# Provided data

- - - -

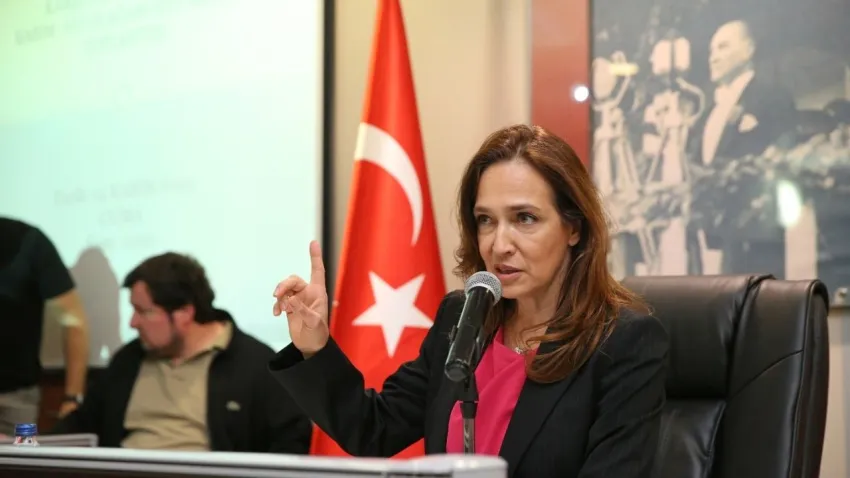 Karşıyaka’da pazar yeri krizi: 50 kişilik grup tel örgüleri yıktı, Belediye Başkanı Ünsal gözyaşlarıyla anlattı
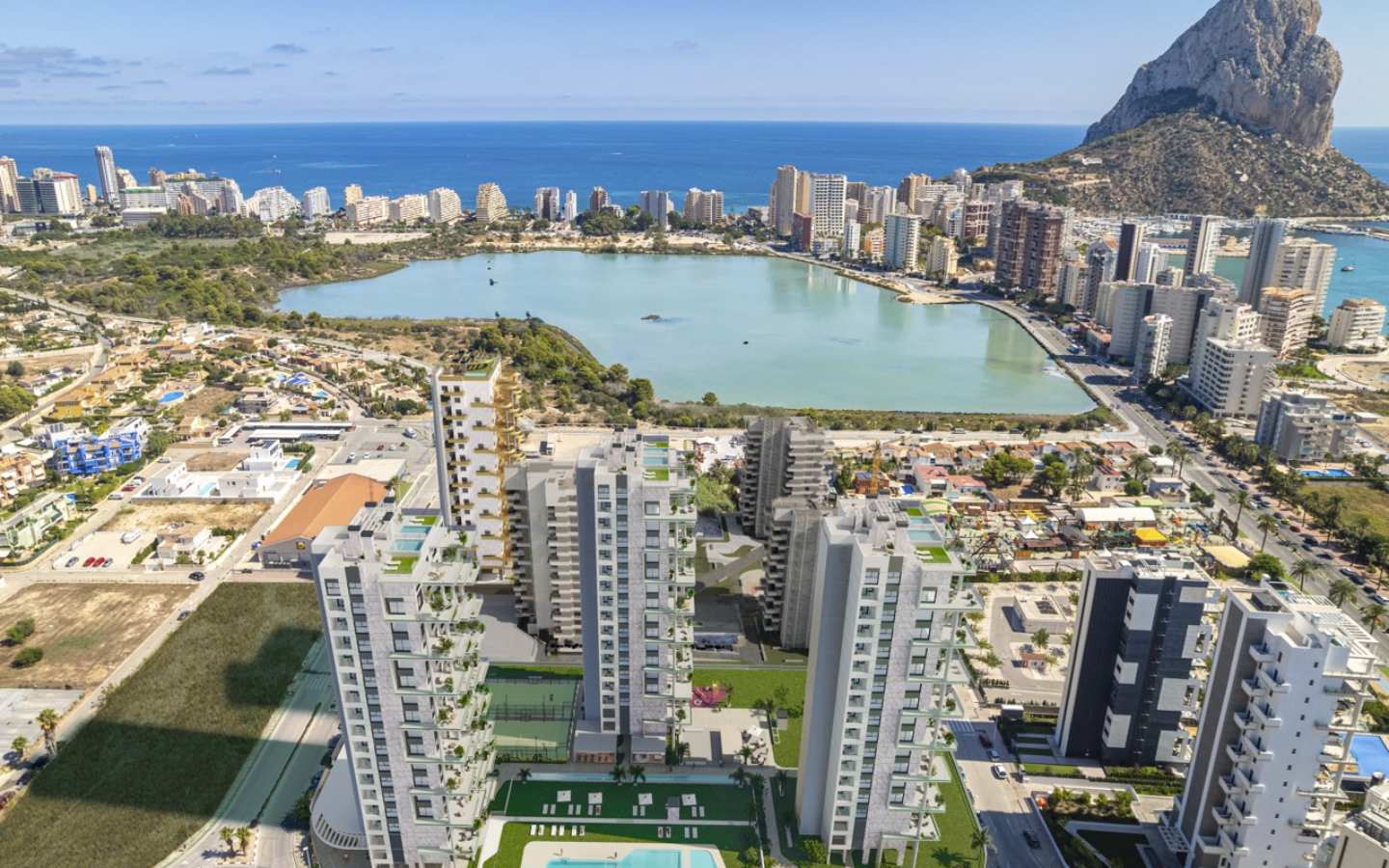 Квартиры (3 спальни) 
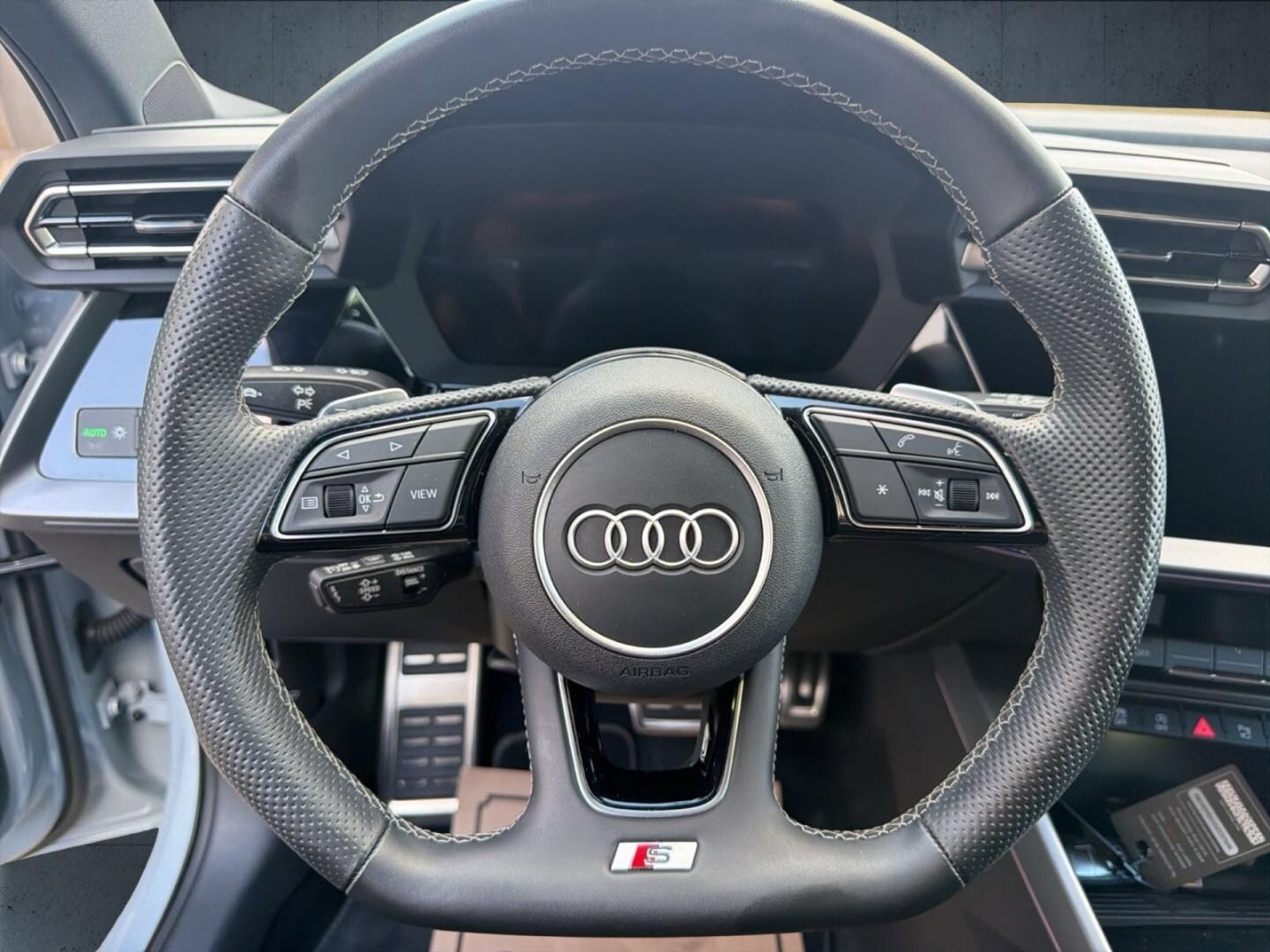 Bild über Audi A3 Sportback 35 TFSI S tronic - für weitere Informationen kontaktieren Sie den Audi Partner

- - - -

# Requirement
Leave every picture out, and transcribe the data above exactly as it reads.

# The completed task
 Karşıyaka’da pazar yeri krizi: 50 kişilik grup tel örgüleri yıktı, Belediye Başkanı Ünsal gözyaşlarıyla anlattı
 Квартиры (3 спальни) 
 Bild über Audi A3 Sportback 35 TFSI S tronic - für weitere Informationen kontaktieren Sie den Audi Partner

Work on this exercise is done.